For the final evening Wednesday, the students prepared a four-course meal for their families, with chicken Parmesan for the main course. As the students began prep to place the appetizer, bruschetta, on plates, Ryan reminded them of a serving essential.

“Everyone needs gloves,” he said. “No gloves, no love.”

It’s a statement he said was instilled in him during culinary school. At several points during the night the chefs checked their gloves again – one noted the group went through two boxes of gloves during the process.

Ryan kept the students moving along through the appetizer garnish with only one slight hiccup: The cilantro won’t be a whole lot of help where it ended up.

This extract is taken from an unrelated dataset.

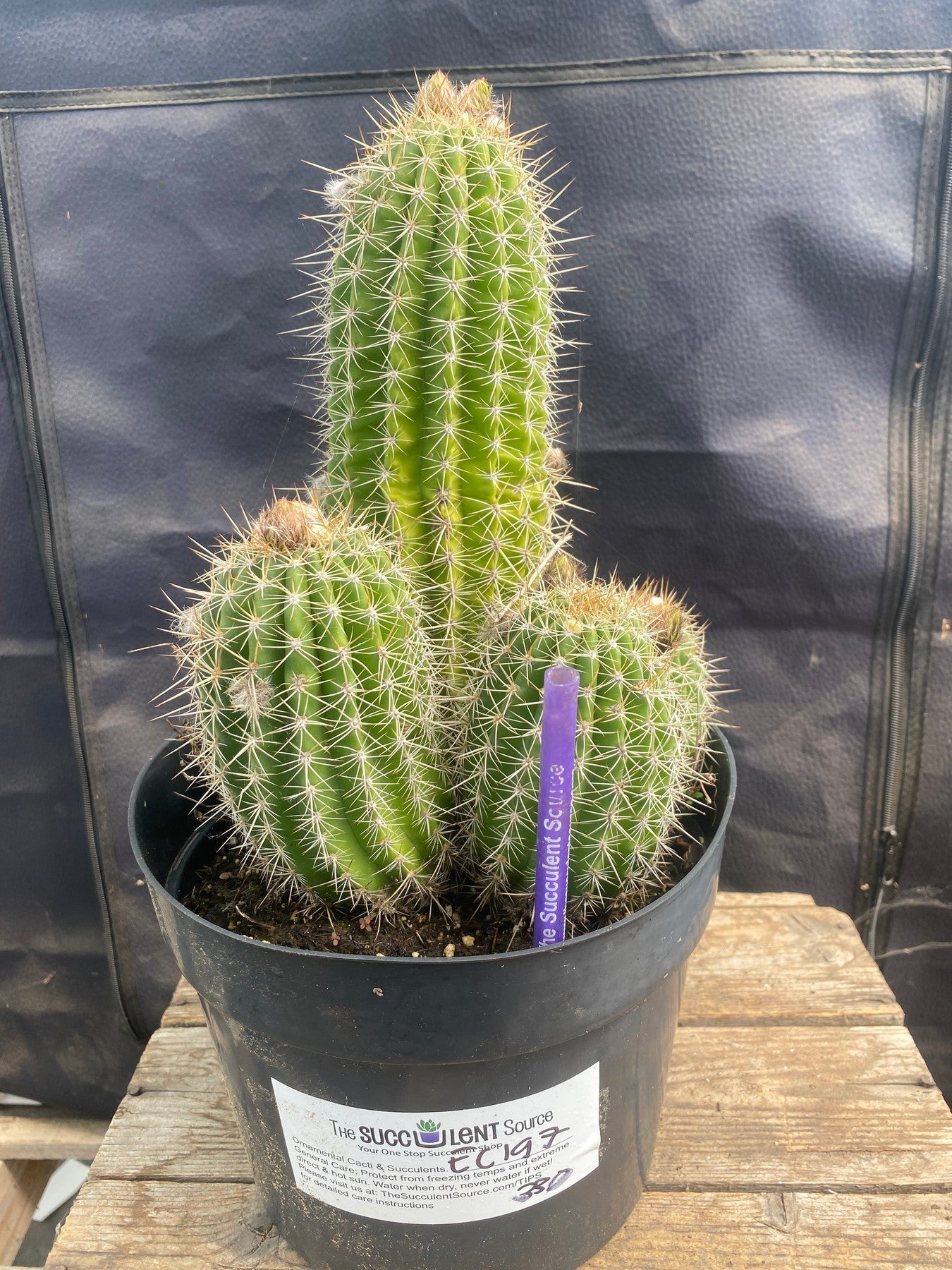 #EC197 EXACT Trichocereus Grandiflorus Hybrid Ornamental Cactus-Cactus - Large - Exact-The Succulent Source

“Oh, here it is,” Ryan said, making a grim discovery. “It’s in the trash can.”

But the chefs soldiered on and substituted. The group moved on to salads and on to the entree, mastering the proper way to serve pasta (place the pasta down with the tongs and then twist it, Ryan said), carefully placing the chicken on the plate and topping it with the marinara.

Ryan advised the students to place three pieces of Parmesan on the chicken in a shingle formation. And out the chicken went. Each chef served their own family, sharing the skills they had learned.

The chefs finally reached dessert, prompting Ryan to perform his own rendition of Barry Manilow’s “Looks Like We Made It.” But he had another tip for the chefs as they moved between courses.

“If you were in a real restaurant, you might tell your server to go sell another bottle of wine,” he said. “Keep ’em busy.”

At several points during service, the chefs ran into important issues they might run into in their careers – broken glass on the floor, a diner with strawberry allergies, and being one plate short while serving the main course. Later on, Ryan would remind the chefs it was imperative they continue to work together as well as they did during Wednesday’s service.

“It’s not if you get in the weeds guys, it’s when you get in the weeds, how you react,” he said. “And the weeds are whenever it gets tough. If you can have a good chemistry with the people you work with, you can get through this.”